Eric Jarvis -- excellent analysis. Thank you.

So the mess can't be their fault. It must be down to other people behaving badly. So they attempt to impose control more forcefully.

It also makes it very easy for them to believe anything that makes it look like other people are behaving badly. They already know that it's the other people who deserve the blame. All they have to do is find the evidence.

#37 ::: Fred A Levy Haskell ::: (view all by) ::: September 08, 2005, 08:44 PM:

And of course you've read W's mummie's comments? "And so many of the people in the arena here, you know, were underprivileged anyway, so this [chuckle]—this is working very well for them."

Welcome to BushWorld. It's not just the boy who's in the bubble …

#38 ::: clew ::: (view all by) ::: September 08, 2005, 09:19 PM:

You know, this is not utterly unlike how the - mild, peaceful, it only seemed shocking at the time - "Battle of Seattle" felt from the edge I saw: that they reduced or restrained normal policing until there was enough property damage that they had an excuse to clear the streets entirely.

I still think policing could have kept the protests down to extremely unruly but never life- and rarely property-threatening behavior, because I know lots of the crowd was against property damage. But Seattle is still arguing over this, not that many people change their minds any more.

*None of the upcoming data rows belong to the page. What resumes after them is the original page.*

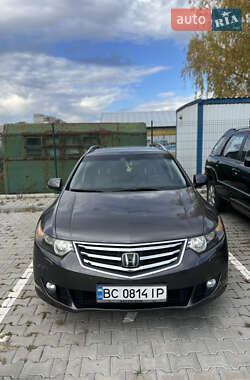 Універсал Honda Accord 2009 в Червонограді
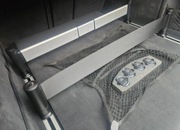 Audi A6 C7 C6 A4 B8 Skoda Superb Tasma uchwyt przegroda belka bagarznika  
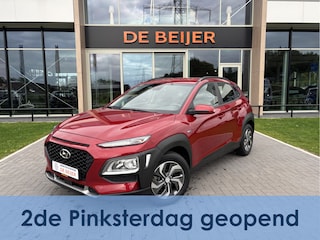 Hyundai Kona 1.6 GDI Hybride Navi I App I Camera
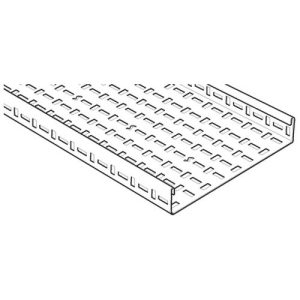 LEGRAND 225MM CABLETRAY GALVANISED 3MTR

#39 ::: Richard ::: (view all by) ::: September 08, 2005, 10:15 PM:

Ken - "I'm just today beginning to suspect that what we've seen was not a failure. It was the plan"

Looks like Spring in Baghdad, 2003, to me. Chaos, outrage, and if you look back it seems they took exactly what they'd decided to take, and all the rest can go to hell and look after itself however it wants, they just don't see that they have to bother about it.

#40 ::: Jon ::: (view all by) ::: September 09, 2005, 10:32 AM:

I'm as anti-the-Faux-Ranger as anyone here, I suspect...

...but I think some of the things creeping in at the end of this are a -bit- farfetched.

More likely, to me, is that in this case the Pres actually -does- want to do good, and sees a unified command-and-control structure as the way to do that. The fact that that would enrich Halliburton et. al., is probably just a (very) welcome bonus...

C'mon. Who can't look at the pictures there and -not- want to help? I loathe the Vacationing Chimp as much as the next guy... but what the hell would he -do- with a ruined city if he did get control of it? Hell, Iraq has oil. He's got his eye on that to ensure the future of the country (bad plan though it is, I can see exactly why they'd do it). New Orleans has... what, exactly? A port that was enriching him and his through export handling anyway?

FEMA blew chunks on this one, and it's because they were starved to death. The National Guard were in the wrong place because they were incompetently sent there. People were let die because they were poor. Bush & co are trying to find an angle to exploit...

...but I just can't see ascribing some strange "take over the states" to an even nominal republican, who wants -less- to worry about and -less- to stand in the way of his making money and exploiting the world, not the counterproductive headaches of centrallizing states under military command.

#41 ::: Skwid ::: (view all by) ::: September 09, 2005, 10:45 AM:

I arrived at work this morning with a particularly vile package waiting in my inbox, gift-wrapped by a relative who really ought to know better, with Bill O'Reilly's name next to mine in the list of recipient addresses and a label that read "The Story You Won't Get from the Mainstream Media."

This is what they're getting fed over on the "neo-reality" side of the aisle:

If this is just a natural disaster, the response for public officials is obvious: you bring in food, water, and doctors; you send transportation to evacuate refugees to temporary shelters; you send engineers to stop the flooding and rebuild the city's infrastructure. For journalists, natural disasters also have a familiar pattern: the heroism of ordinary people pulling together to survive; the hard work and dedication of doctors, nurses, and rescue workers; the steps being taken to clean up and rebuild.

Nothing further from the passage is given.